Con el discurso mestizo representado como la
oposición-imposición de una macrohistoria oficial sobre varias
microhistorias segregadas o subalternas. Como un acto de
subjetivación sociohistórica que se extiende desde una primaria
acepción individual-psicológica de autoconciencia personal,
hacia una acepción colectivo-sociológica, como subjetividad
consciente de sí misma, e inscrita en el interior de una
tradición mental, histórica, cultural y política colectiva; en
la que lo mestizo y su lógica omniabarcante, está siendo
inscrito como subjetividad hegemónica, desde un eje de poder
encarnado en la oficialidad que tiende a promoverla e imponerla.

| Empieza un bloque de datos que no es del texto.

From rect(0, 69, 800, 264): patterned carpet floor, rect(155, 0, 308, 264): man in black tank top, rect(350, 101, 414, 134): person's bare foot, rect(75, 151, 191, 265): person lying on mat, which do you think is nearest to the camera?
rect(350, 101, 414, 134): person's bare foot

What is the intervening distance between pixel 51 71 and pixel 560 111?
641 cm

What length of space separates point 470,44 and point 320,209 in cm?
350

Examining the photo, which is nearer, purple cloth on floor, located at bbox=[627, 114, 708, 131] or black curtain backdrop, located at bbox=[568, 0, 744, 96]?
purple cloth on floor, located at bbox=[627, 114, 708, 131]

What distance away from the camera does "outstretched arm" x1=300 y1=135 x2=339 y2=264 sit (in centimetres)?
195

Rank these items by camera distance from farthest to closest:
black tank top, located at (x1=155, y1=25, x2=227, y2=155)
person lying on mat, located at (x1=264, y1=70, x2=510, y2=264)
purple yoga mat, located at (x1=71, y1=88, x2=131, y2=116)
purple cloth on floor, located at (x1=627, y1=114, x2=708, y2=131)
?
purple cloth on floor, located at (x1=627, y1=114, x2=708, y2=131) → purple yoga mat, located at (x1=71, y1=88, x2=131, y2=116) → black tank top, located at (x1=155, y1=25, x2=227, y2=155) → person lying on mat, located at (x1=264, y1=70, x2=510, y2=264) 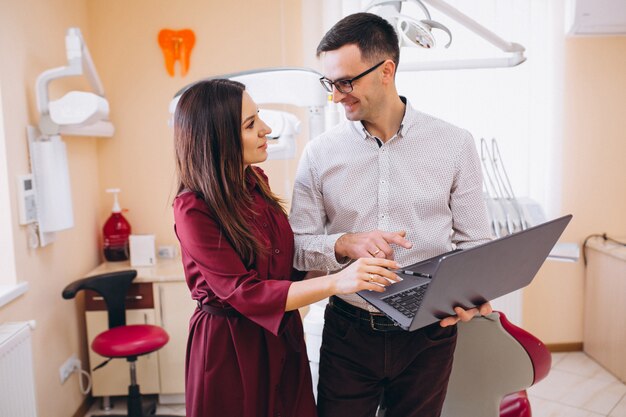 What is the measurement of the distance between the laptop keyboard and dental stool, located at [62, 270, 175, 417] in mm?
1470

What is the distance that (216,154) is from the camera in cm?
129

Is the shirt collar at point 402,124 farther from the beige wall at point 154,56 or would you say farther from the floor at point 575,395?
the floor at point 575,395

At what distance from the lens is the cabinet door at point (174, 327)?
8.80ft

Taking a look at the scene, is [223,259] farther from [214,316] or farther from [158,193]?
[158,193]

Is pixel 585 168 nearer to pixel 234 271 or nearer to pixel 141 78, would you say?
pixel 141 78

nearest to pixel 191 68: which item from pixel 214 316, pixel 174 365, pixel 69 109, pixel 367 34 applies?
pixel 69 109

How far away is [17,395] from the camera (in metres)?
1.85

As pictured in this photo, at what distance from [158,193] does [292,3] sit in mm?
1261

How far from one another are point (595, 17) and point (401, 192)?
216 cm

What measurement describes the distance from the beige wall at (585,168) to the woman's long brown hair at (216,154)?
8.13ft

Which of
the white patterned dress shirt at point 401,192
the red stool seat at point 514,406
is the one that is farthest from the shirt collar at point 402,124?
the red stool seat at point 514,406

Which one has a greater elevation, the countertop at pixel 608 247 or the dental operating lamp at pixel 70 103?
the dental operating lamp at pixel 70 103

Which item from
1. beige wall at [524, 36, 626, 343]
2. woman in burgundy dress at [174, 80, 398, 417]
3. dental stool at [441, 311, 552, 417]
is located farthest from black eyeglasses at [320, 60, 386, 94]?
beige wall at [524, 36, 626, 343]

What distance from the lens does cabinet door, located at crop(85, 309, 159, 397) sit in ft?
8.75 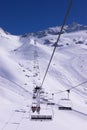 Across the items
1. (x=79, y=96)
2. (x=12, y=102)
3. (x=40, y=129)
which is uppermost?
(x=79, y=96)

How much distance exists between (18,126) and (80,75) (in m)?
105

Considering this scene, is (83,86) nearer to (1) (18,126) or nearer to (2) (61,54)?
(2) (61,54)

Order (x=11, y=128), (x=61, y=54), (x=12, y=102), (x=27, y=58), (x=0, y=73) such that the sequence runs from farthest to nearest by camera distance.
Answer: (x=61, y=54), (x=27, y=58), (x=0, y=73), (x=12, y=102), (x=11, y=128)

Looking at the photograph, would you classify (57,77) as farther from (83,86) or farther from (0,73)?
(0,73)

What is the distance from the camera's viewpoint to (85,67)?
157000 mm

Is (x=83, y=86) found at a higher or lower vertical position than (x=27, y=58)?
lower

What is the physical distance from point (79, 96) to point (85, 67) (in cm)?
4894

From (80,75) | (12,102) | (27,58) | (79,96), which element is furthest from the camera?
(27,58)

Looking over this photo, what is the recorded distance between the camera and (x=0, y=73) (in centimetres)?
12181

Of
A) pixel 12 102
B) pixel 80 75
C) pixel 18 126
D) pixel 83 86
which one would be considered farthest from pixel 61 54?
pixel 18 126

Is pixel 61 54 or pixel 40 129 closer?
pixel 40 129

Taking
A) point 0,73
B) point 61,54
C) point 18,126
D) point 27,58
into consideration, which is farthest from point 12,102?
point 61,54

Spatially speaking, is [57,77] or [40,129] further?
[57,77]

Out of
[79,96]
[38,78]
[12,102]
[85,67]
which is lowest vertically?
[12,102] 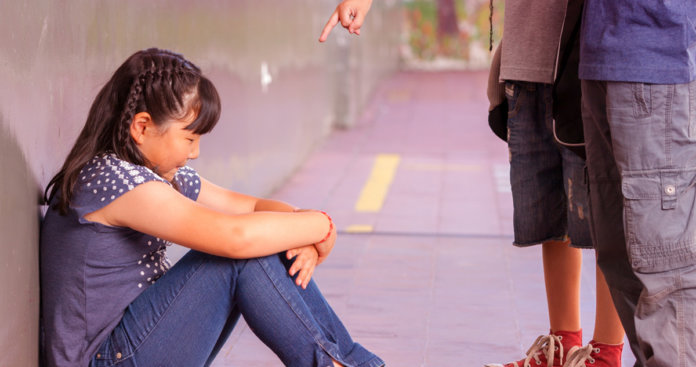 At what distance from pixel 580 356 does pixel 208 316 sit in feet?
3.96

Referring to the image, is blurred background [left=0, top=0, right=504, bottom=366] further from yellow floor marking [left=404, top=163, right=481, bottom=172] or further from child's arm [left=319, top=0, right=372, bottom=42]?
yellow floor marking [left=404, top=163, right=481, bottom=172]

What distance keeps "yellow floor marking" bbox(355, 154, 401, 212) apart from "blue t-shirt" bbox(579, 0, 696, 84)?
3605 mm

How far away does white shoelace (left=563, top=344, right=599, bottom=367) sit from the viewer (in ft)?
9.63

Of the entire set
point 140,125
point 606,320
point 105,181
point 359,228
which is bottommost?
point 359,228

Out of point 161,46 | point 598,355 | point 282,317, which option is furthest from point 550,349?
point 161,46

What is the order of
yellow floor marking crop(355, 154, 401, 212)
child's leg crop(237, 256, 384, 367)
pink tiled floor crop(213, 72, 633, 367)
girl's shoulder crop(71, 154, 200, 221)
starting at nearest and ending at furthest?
girl's shoulder crop(71, 154, 200, 221) < child's leg crop(237, 256, 384, 367) < pink tiled floor crop(213, 72, 633, 367) < yellow floor marking crop(355, 154, 401, 212)

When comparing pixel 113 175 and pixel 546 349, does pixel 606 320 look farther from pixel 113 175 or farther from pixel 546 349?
pixel 113 175

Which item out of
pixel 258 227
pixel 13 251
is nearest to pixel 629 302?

De ahí que las continuas transformaciones políticas, sociales,
económicas y culturales experimentadas a lo largo de los casi
dos siglos de historia republicana, han ido reconfigurando
territorial y jurídicamente las estructuras político-sociales de
los países latinoamericanos, sintomatizando, desde sus variables
socioculturales, una serie de desplazamientos históricos, y sus
respectivas teorizaciones, que van desde la configuración dual,
excluyente y semicolonial de la sociedad, la peruana en este
caso, hacia
una conciencia nueva, plural, menos monolítica y diversa, en una
sociedad que se presenta, hasta cierto punto, como multiétnica,
pluricultural y multilingüística, desde evidencias que fueron
acelerando el proceso por el cual, la capital peruana terminó
por perder su añeja imagen de "arcadia colonial", para virar,
desde una condición de ciudad unitaria, criolla y señorial,
encarnada en los gustos aristocráticos, tradicionalistas y
extranjerizantes de la oligarquía e aristocracia limeña, hacia
la imagen actual de ciudad expansiva, híbrida, multicultural y
conurbana.
En este proceso, fue emergiendo un nuevo protagonismo
etnocultural erigido como una suerte de nueva conciencia
nacional,
que, ante la deslimeñización progresiva de la capital peruana
producida por las migraciones, ha ido imponiéndose, en el
mestizaje, como la consolidación de un discurso de orden
impuesto
sobre otras entidades menos visibles y subalternas; hasta ser
erigida como una subjetividad
moderna que aspira a enfrentar las anomalías derivadas de la
multiplicidad y heterogeneidad peruana, como entidad mestiza
normativa, hegemónica y aglutinante;
que como subjetividad normalizada y legitimada, ha sido
presentada como mediadora y omniabarcante de lo que empezamos a
entender como “totalidad” nacional.
1. Construcción de la subjetividad
mestiza
De ahí que entender el sustrato de lo mestizo como subjetividad
desencadenada a partir del proceso de mixtificación
antropológico-cultural derivado de la conquista, además del
proceso de miscegenación de mentalidades desencadenada por la
llegada de españoles al continente americano, implica asir e
historiar una subjetividad que, desde allí, empieza a gestarse
como principio dinámico y agente sociohistórico en el terreno
mental-cultural-simbólico-discursivo e identitario de los
diversos sujetos emergidos en el continente americano. Por lo
que debemos pensar aquí el “ser” mestizo, no solo como una
realidad biológica o racial, sino también como una realidad
psicológica y cultural, que luego se irá definiendo como sujeto
histórico y social diferenciado de lo estrictamente español y de
lo
estrictamente andino.
Esto, porque el mestizaje, que se
había iniciado el año mismo en el que los españoles se
establecieron en América,
ha sido el producto dinámico de las mezclas violentas acaecidas
entre colonizadores españoles y portugueses, además de ingleses
y franceses ―a los que se sumarán luego los esclavos traídos
desde el África, y en algunos casos los
coolies traídos del
Asia―, con los indígenas americanos. Desde un violento proceso,
en el que, durante los primeros años de la conquista, las
“indias fueron presa fácil para los invasores que mantuvieron
con esas mujeres, relaciones a menudo violentas y efímeras, sin
apenas preocuparse por los jóvenes seres que dejaban tras de sí.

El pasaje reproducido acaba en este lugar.